* YOUR ASSIGNMENT: Provide only the number of lines in the records below that contain "photo".

* MATERIAL FOR THIS EXERCISE:

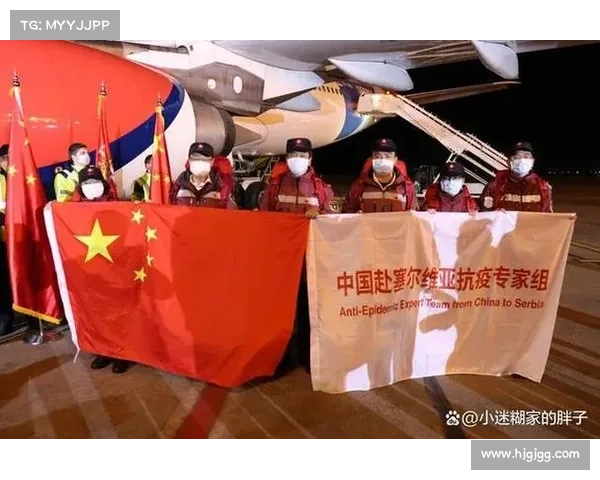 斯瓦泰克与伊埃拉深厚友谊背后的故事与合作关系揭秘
---
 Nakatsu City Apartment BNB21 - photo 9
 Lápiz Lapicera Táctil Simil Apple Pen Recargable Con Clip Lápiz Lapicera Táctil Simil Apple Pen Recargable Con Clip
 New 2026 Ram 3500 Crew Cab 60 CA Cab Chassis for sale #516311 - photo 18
---
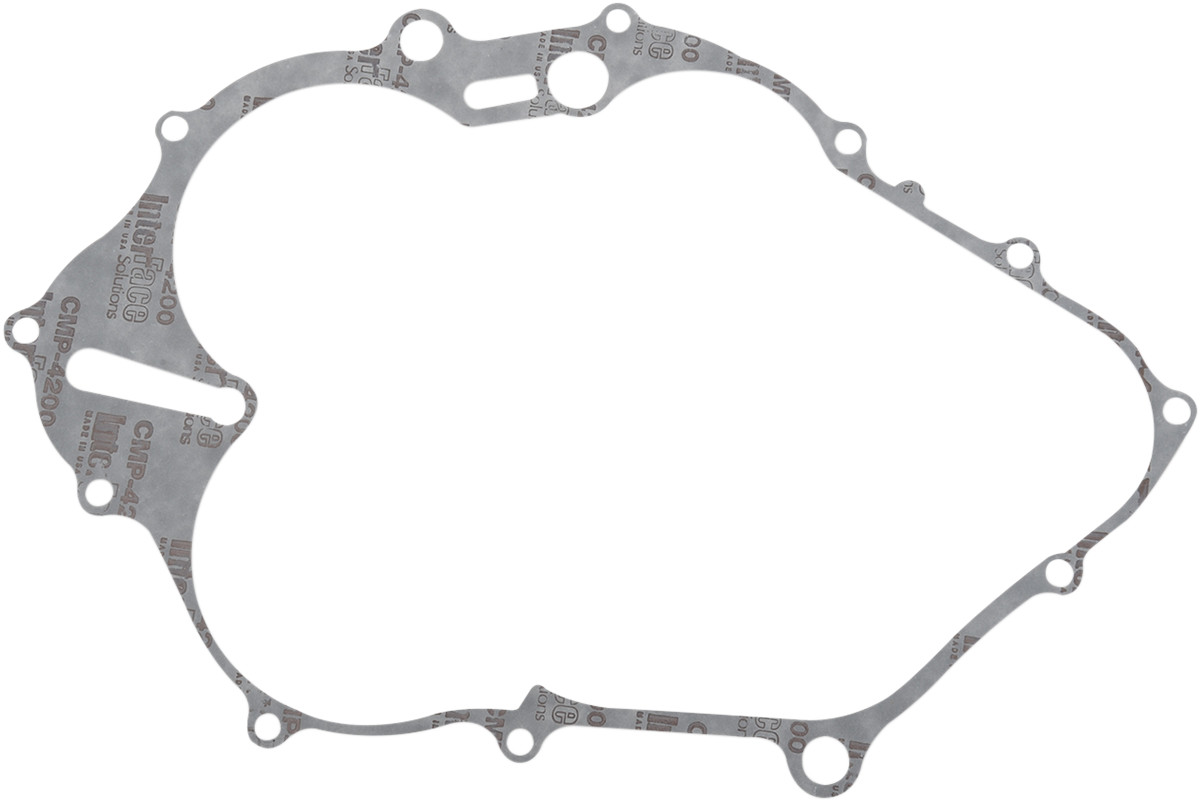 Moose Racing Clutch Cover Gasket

* FINISHED EXERCISE: 2